The West Virginia Department of Transportation (WVDOT) turned to UAVs to save time and money. Incorporating drones has saved WVDOT more than $340,000 in a single month.
In 2017, WVDOT began formally looking into launching a drone program. WVDOT concluded that drones could be ideal for stockpile surveys — using them had the potential to speed up the process, reduce risk, and increase accuracy.
Jesse Bennett, statewide survey unit leader at WVDOT, flew several test missions to validate the use case. He quickly realized drones had huge potential to transform this time-consuming and risky task.
The agency began with a team of nine Federal Aviation Administration-certified drone pilots and 12 drones. WVDOT also began using Skyward’s Drone Management Platform to manage their flights, pilots and equipment. Skyward offered a single, digital platform to coordinate complex missions and obtain airspace permissions.
“I saw the need for something like Skyward from the very beginning, when I was the first and only pilot,” Bennett said. “I was manually making entries in flight logs and maintenance logs, and I was using about seven or eight different apps and websites just to plan and fly a mission.”

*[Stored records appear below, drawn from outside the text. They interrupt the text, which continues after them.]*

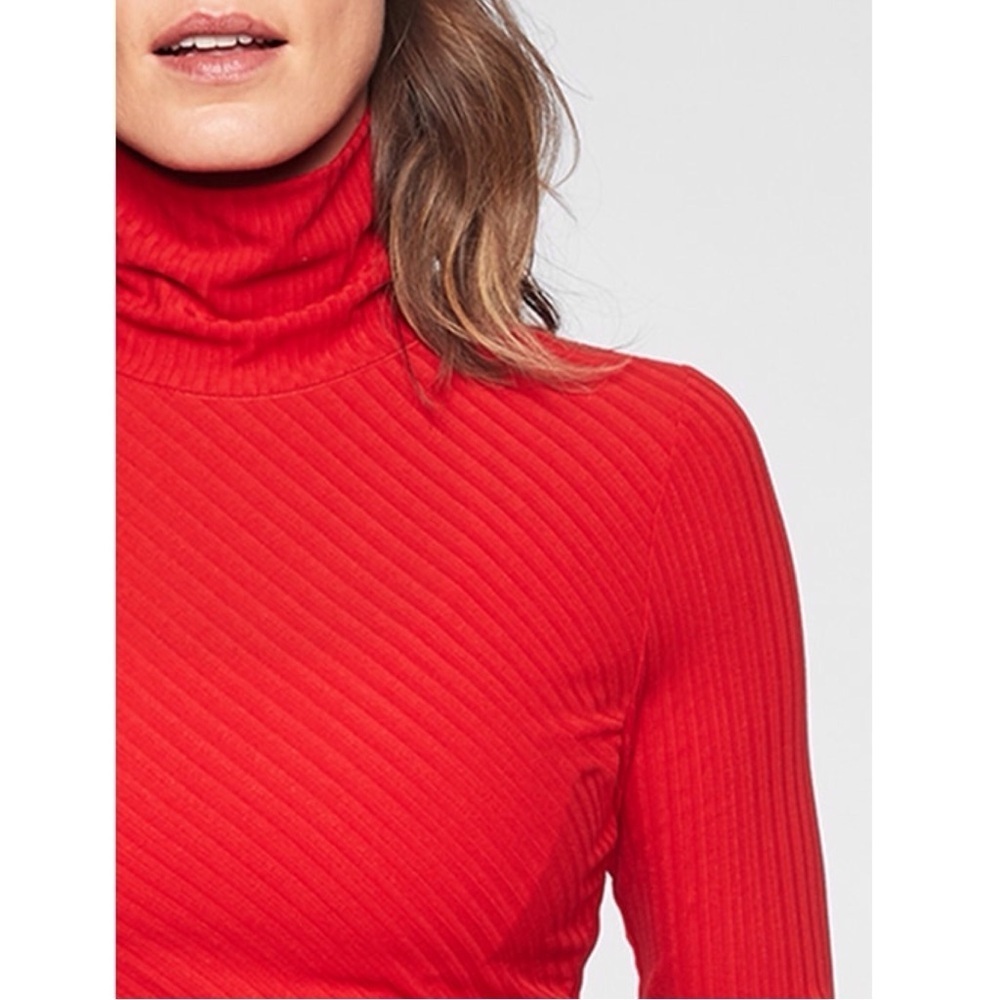 Athleta Red Essence Ribbed Turtleneck - Picture 4 of 14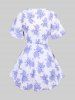 Plus Size Rose Flower Print Lace Trim Lace-up Ruffles Blouse and Ruched Ribbed Textured Cami Top -  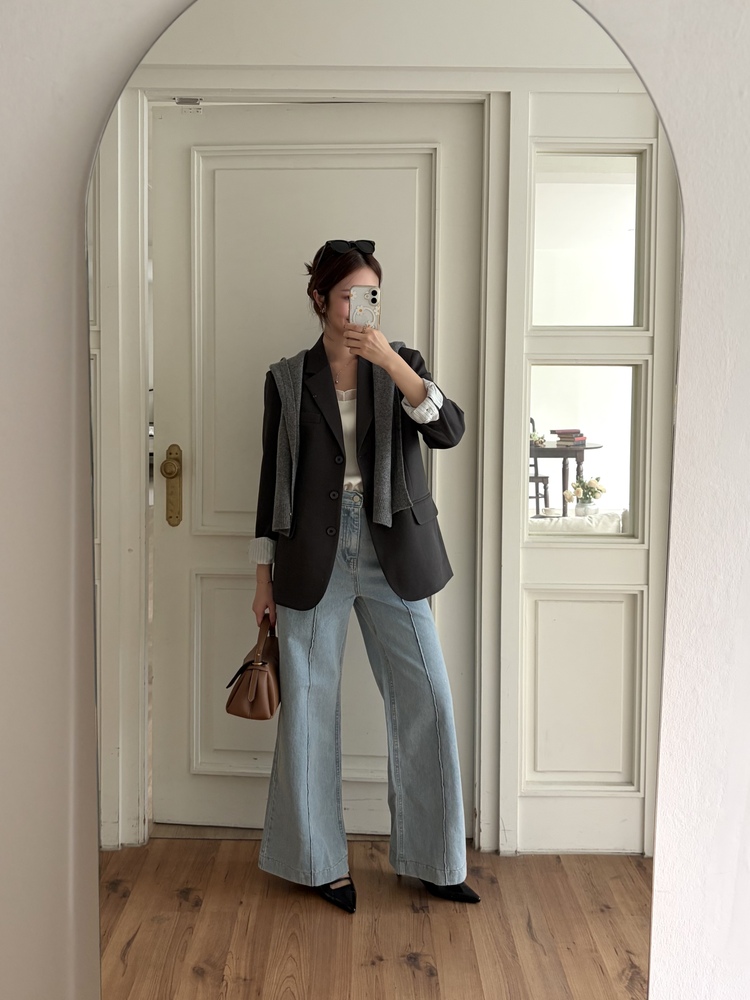 Margot Blazer with Striped Cuffs (Charcoal)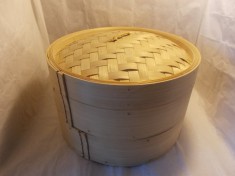 Cos de bambus pentru aburi, Set de gatit la aburi, Bamboo steamer foto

Using Skyward as a single place to keep track of every aspect of the drone program enabled Bennett to quickly resolve an investigation after someone mistakenly assumed he didn’t have authorization to fly in an area and reported him to the FAA.The software helped him demonstrate that crews were obeying FAA regulations and WVDOT’s own rules.
Starting in spring 2019, WVDOT began deploying drone crews for stockpile inspections at scale. WVDOT has 177 sites across the state that contain stockpiled materials. Each year, the stockpiles must be physically surveyed to calculate the volume of material. From 42 surveyors laboring for 15 workdays, the same workload took seven UAS pilots only nine workdays to complete the project.